Exercise materials:
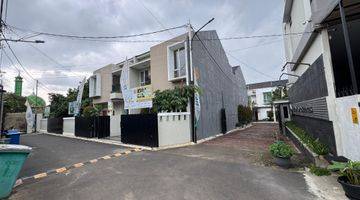 Gambar 4 Rumah Dijual Dijagakarsa Ready 6unit✓ 2lantai Shm Bisaa Cash Dan Kpr  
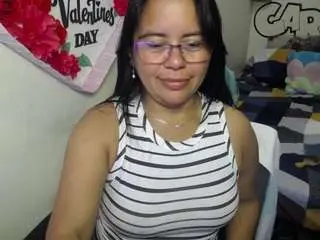 Miss-kendraa  live sex cam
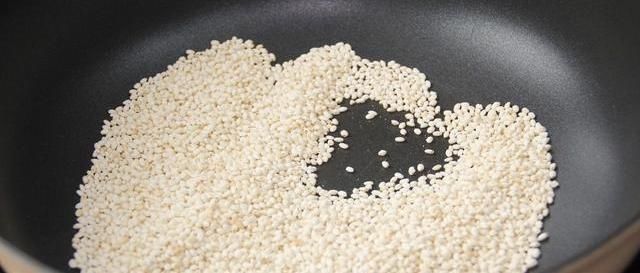 营养丰富的黑芝麻糊,这样做香味浓郁,再也不用在路边买早餐啦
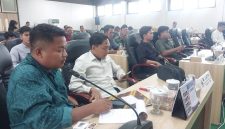 Basri Ketua TMI Pamekasan saat audiensi di kantor DPRD Pamekasan.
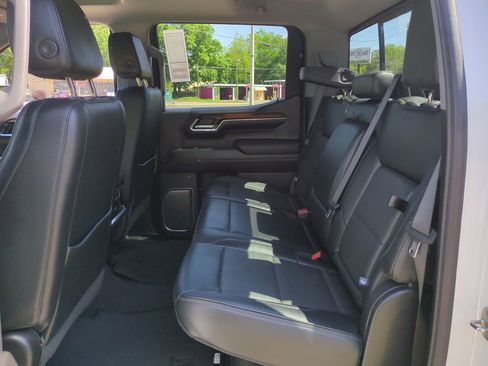 Used 2024 GMC Sierra 1500 Denali w/ Technology Package AWD/4WD image 14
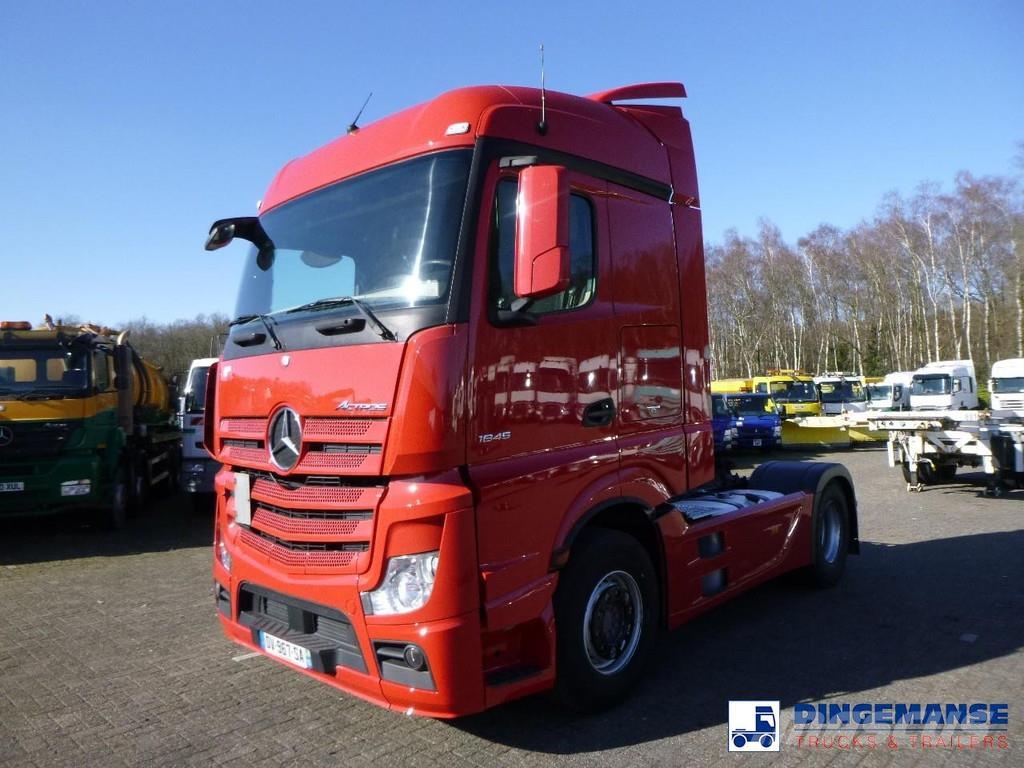 Mercedes-Benz Actros 1845 4x2 Euro 6 曳引機組件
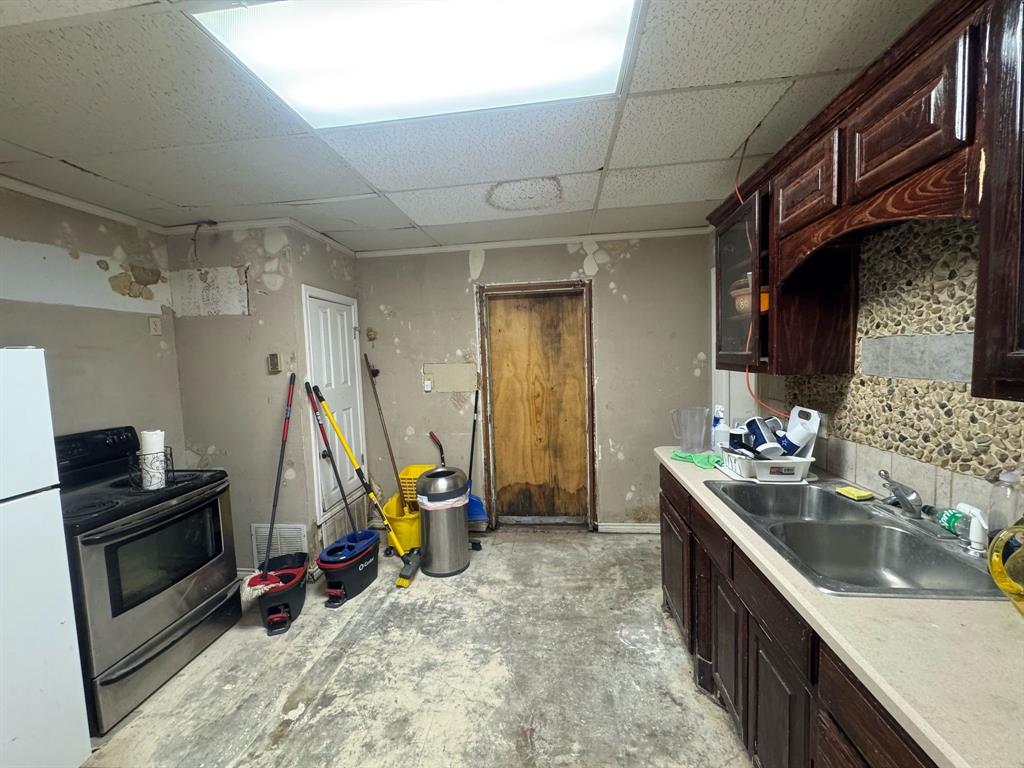 Penman - Commercial Sale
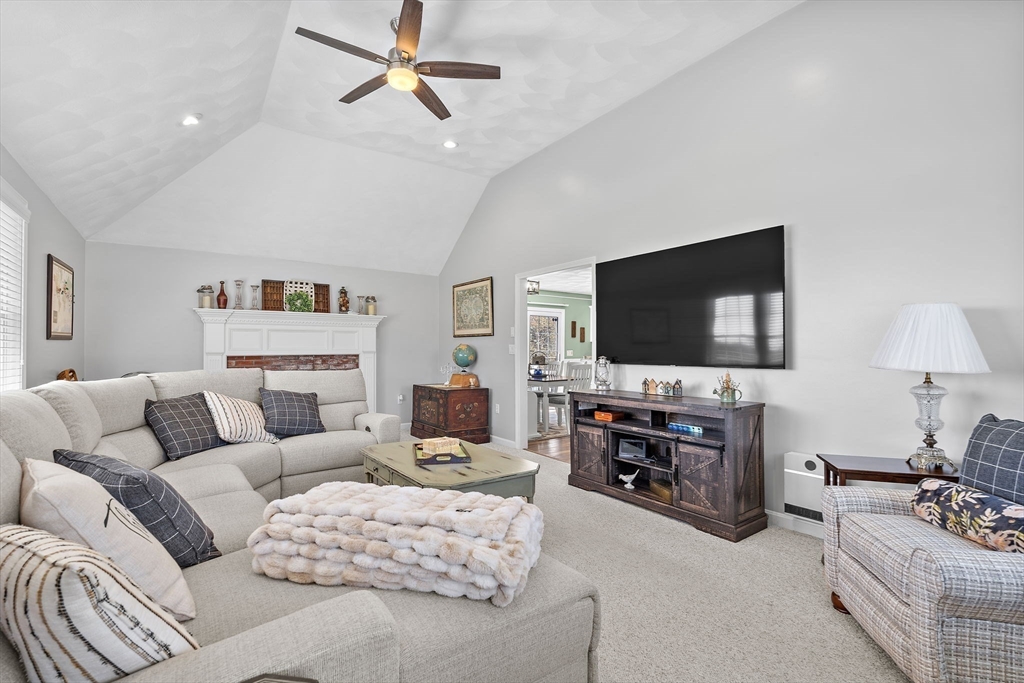 16 Alan Road Hudson, MA 01749 - Photo 18 of 40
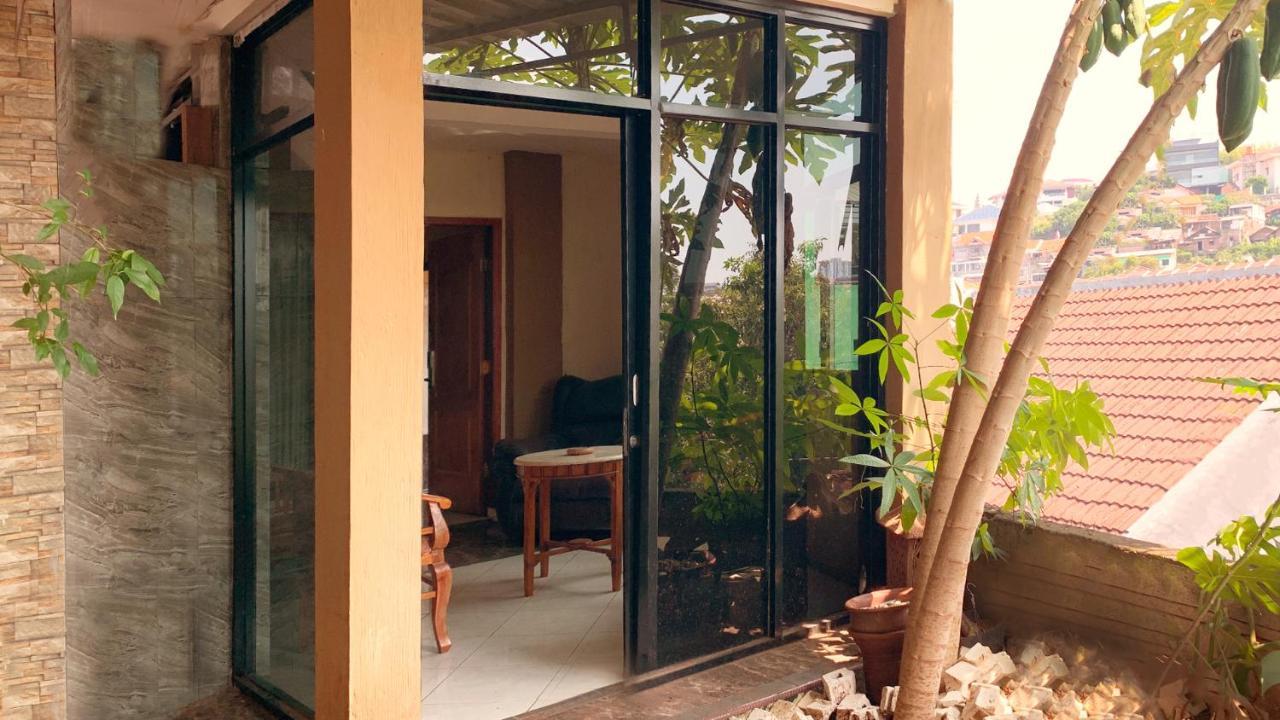 Omah Pelem Syariah Hostel Semarang Kültér fotó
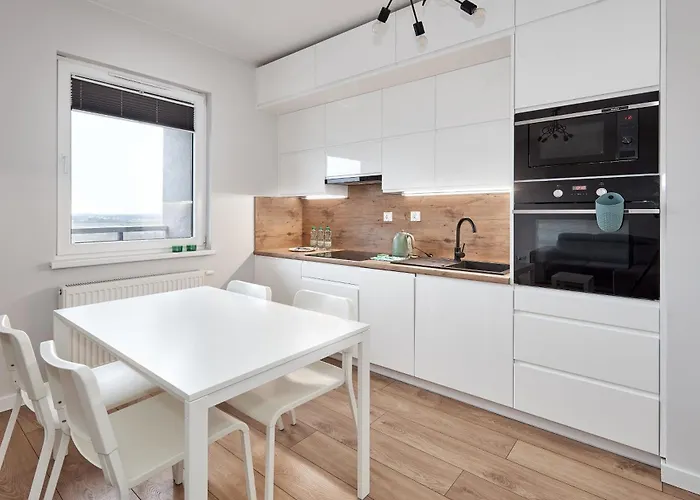 10th Floor Unii Lubelskiej By Bookinghost Apartment Poznan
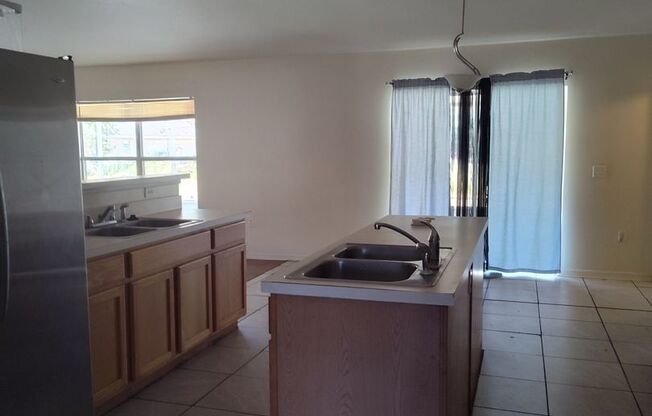 4 beds, 2 baths, $2,000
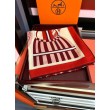 Fazzoletto Hermès in cashmere e seta Ondsdemarch 140 rosso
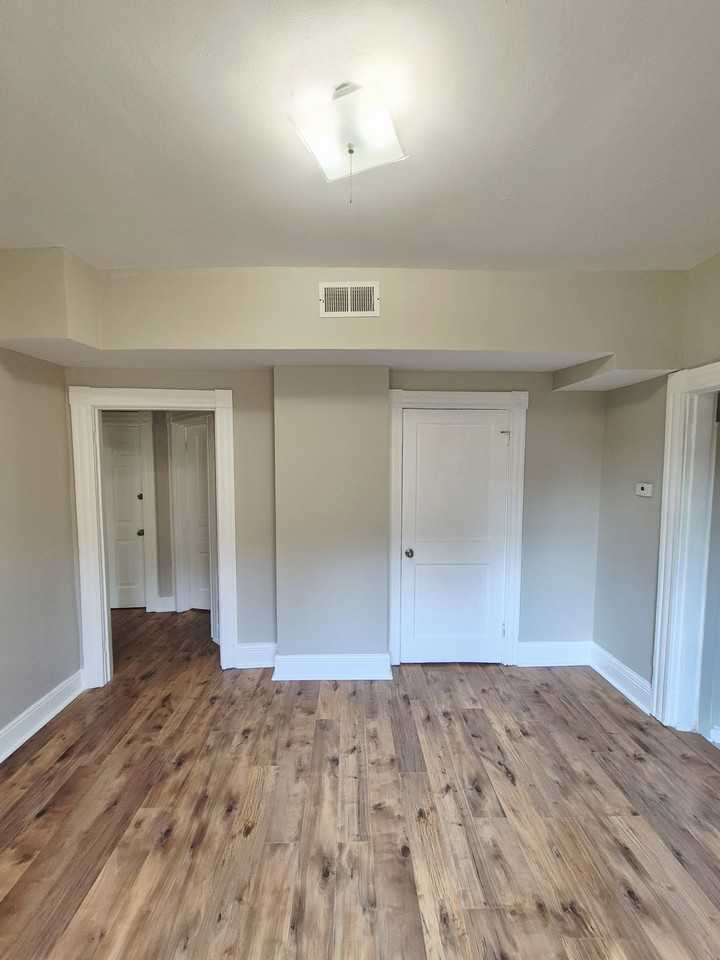 3209 3rd Ave #B - Photo 5 of 28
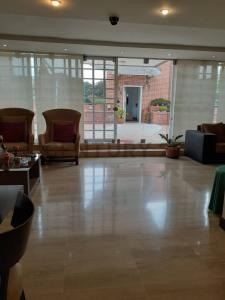 Av. Nivaldo. Conjunto Residencial Estancia Real, Caracas, Distrito Capital 00001, 委內瑞拉
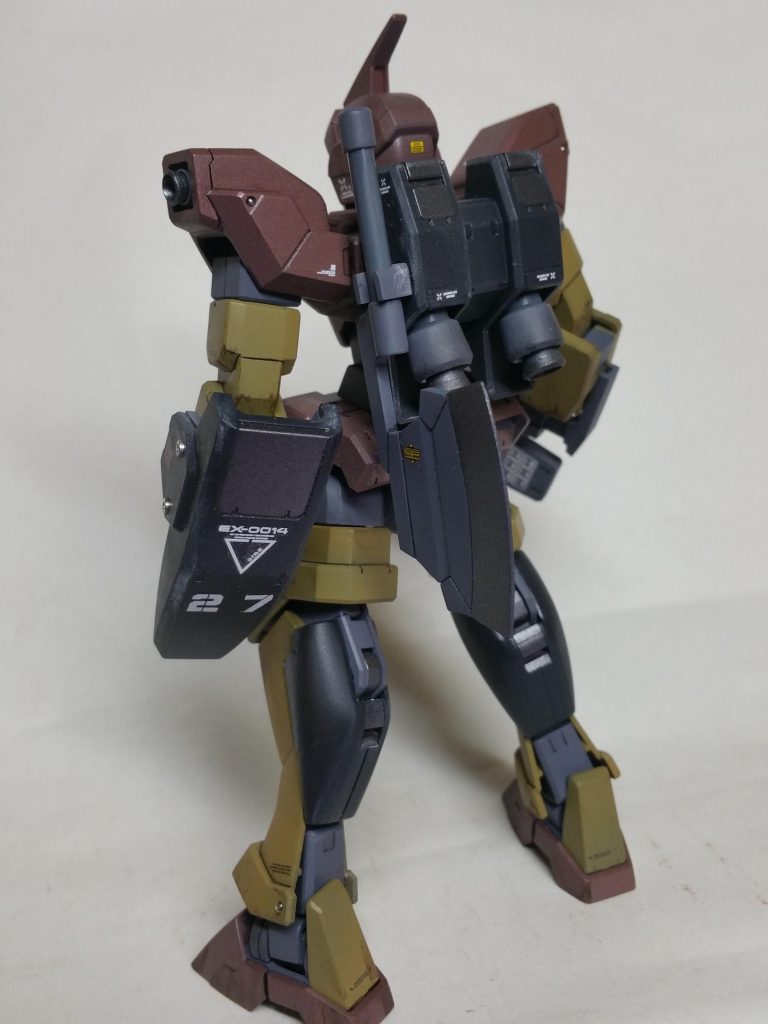 バック。バーニアには市販のものをかぶせて二重にしてある他MOEでビームアックスとか持ってたよな～と思いシャルドールローグのアックスをヒートホークっぽくして背中に担架させました。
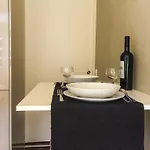Apartment Bmyguest - Cardosas Stylish *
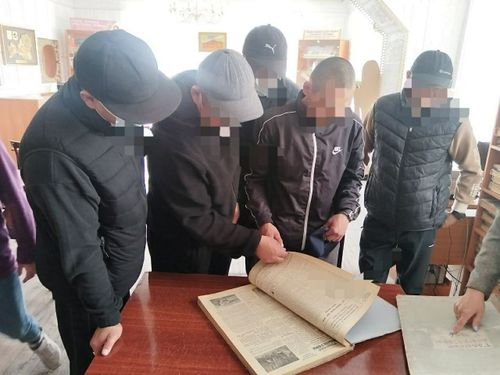 Осужденным Тувы рассказали об истории Национальной библиотеке Тувы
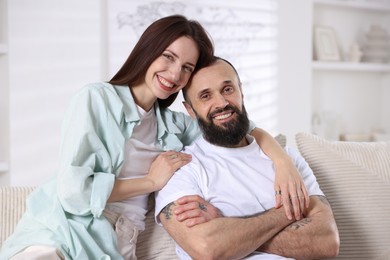 Photo of Portrait of happy daughter and father on sofa at home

What the task asks:
All the records above need to be given again word for word. Skip the pictures.

Result below:
 Gambar 4 Rumah Dijual Dijagakarsa Ready 6unit✓ 2lantai Shm Bisaa Cash Dan Kpr  
 Miss-kendraa  live sex cam
 营养丰富的黑芝麻糊,这样做香味浓郁,再也不用在路边买早餐啦
 Basri Ketua TMI Pamekasan saat audiensi di kantor DPRD Pamekasan.
 Used 2024 GMC Sierra 1500 Denali w/ Technology Package AWD/4WD image 14
 Mercedes-Benz Actros 1845 4x2 Euro 6 曳引機組件
 Penman - Commercial Sale
 16 Alan Road Hudson, MA 01749 - Photo 18 of 40
 Omah Pelem Syariah Hostel Semarang Kültér fotó
 10th Floor Unii Lubelskiej By Bookinghost Apartment Poznan
 4 beds, 2 baths, $2,000
 Fazzoletto Hermès in cashmere e seta Ondsdemarch 140 rosso
 3209 3rd Ave #B - Photo 5 of 28
 Av. Nivaldo. Conjunto Residencial Estancia Real, Caracas, Distrito Capital 00001, 委內瑞拉
 バック。バーニアには市販のものをかぶせて二重にしてある他MOEでビームアックスとか持ってたよな～と思いシャルドールローグのアックスをヒートホークっぽくして背中に担架させました。
Apartment Bmyguest - Cardosas Stylish *
 Осужденным Тувы рассказали об истории Национальной библиотеке Тувы
 Photo of Portrait of happy daughter and father on sofa at home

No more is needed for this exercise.